Some of them believe in a prophet after the Blessed Messenger, the Prophet Muhammed saw.
Some of them like Sam Gerrans believe that the world is flat and that this is what the Qur’an teaches us.
This particular individual I have not interacted with in some time and in my response you will see why.
First let us deal with the emotives. The emotional outburst.
“Have you ever asked yourself, how is NIKAH possible with a 6 year old??? Did Aisha know what was going on? Did she consent? The traditionalist plays with gymnastics and says “oh, but it wasn’t consummated until she was 9. The fact of the matter is, she was MARRIED at 6 making her a CHILD! How the hell can you defend this???”
What do you say to the emotives?
Next this person superimposes a meaning upon the text. Again using the frame of reference of the upbringing in the 21 century.

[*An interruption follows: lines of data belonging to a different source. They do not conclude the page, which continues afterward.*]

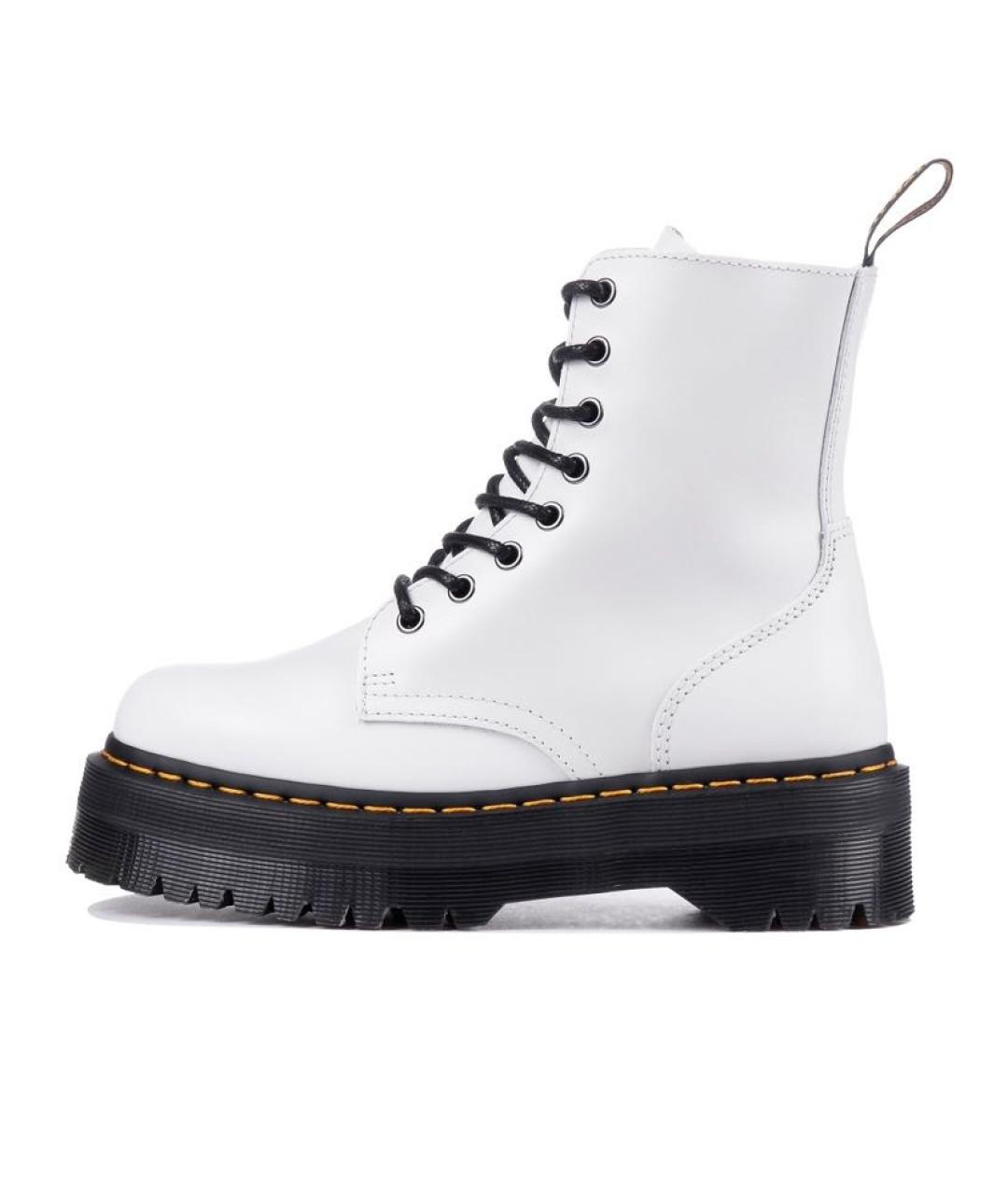 DR. MARTENS Белые кожаные ботинки, фото 8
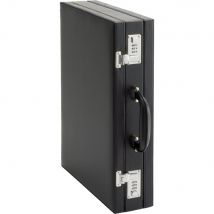 Alassio Attaché Case PONTE Leather Black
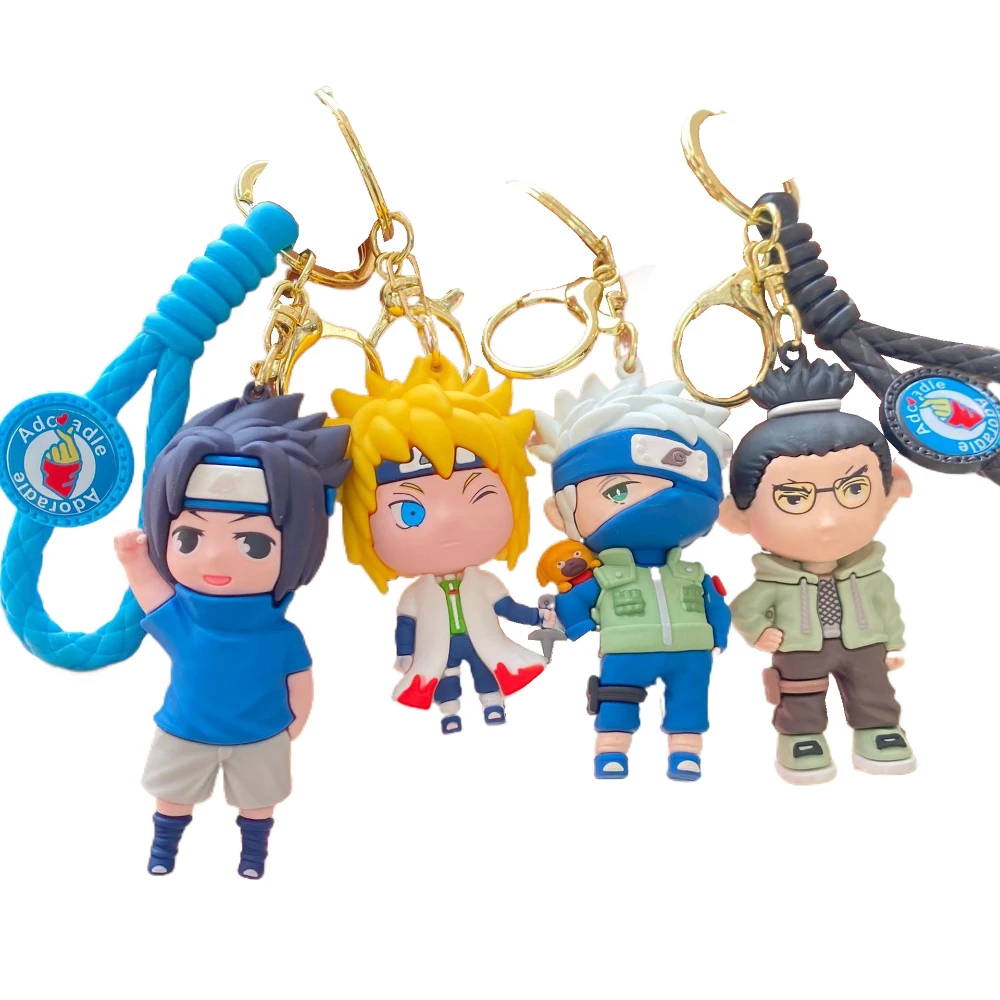 

NEW Anime Peripherals NARUTO Doll Key Chain Naruto Kakashi Uchiha Itachi Car Keychain Decorative Bag Pendant Jewelry Fan Gifts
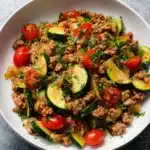 Ground Turkey and Zucchini Skillet Recipe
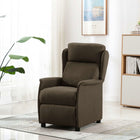 Fauteuil Verstelbaar Stof Bruin 1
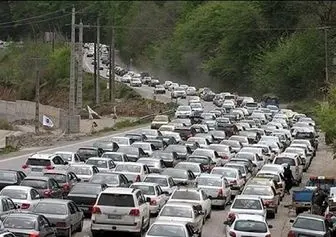 ترافیک سنگین در محورهای چالوس و هراز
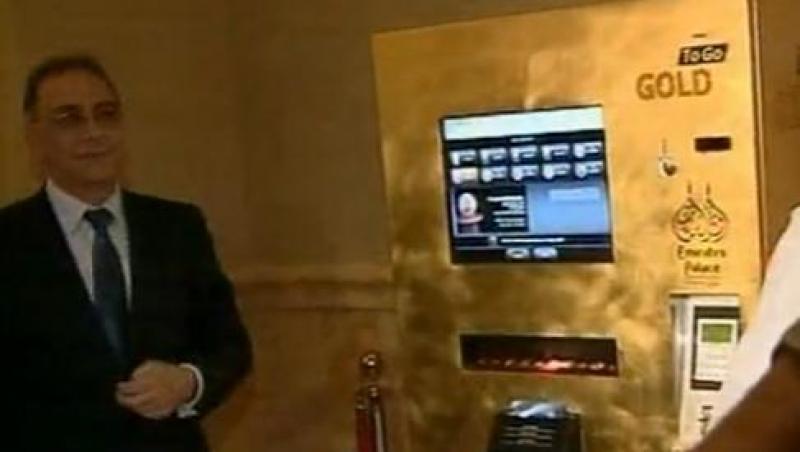 VIDEO Bancomat cu aur inaugurat la un hotel de lux din Abu Dhabi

“An important thing to note is that the chapter starts off by saying: “O Prophet, when you [Muslims] divorce women (An-Nisaa)”. It says WOMEN and not Jariyah (young girls)! Even the Verse quoted above says “menstruation among your WOMEN (Nisaa)”
Yet you notice what “Abdullah” doesn’t do?
“Abdullah” doesn’t tell us what is it that distinguishes a female that is imraa and a female that is jariyah.
Yet the Qur’an is not silent on this.
“And those who no longer expect menstruation among your women – if you doubt, then their period is three months, and [also for] those who have not menstruated. And for those who are pregnant, their term is until they give birth. And whoever fears Allah – He will make for him of his matter ease. {Qur’an 65:4}
Menstration is what distinguishes a female that is a Nisa – and a female that is jariyah.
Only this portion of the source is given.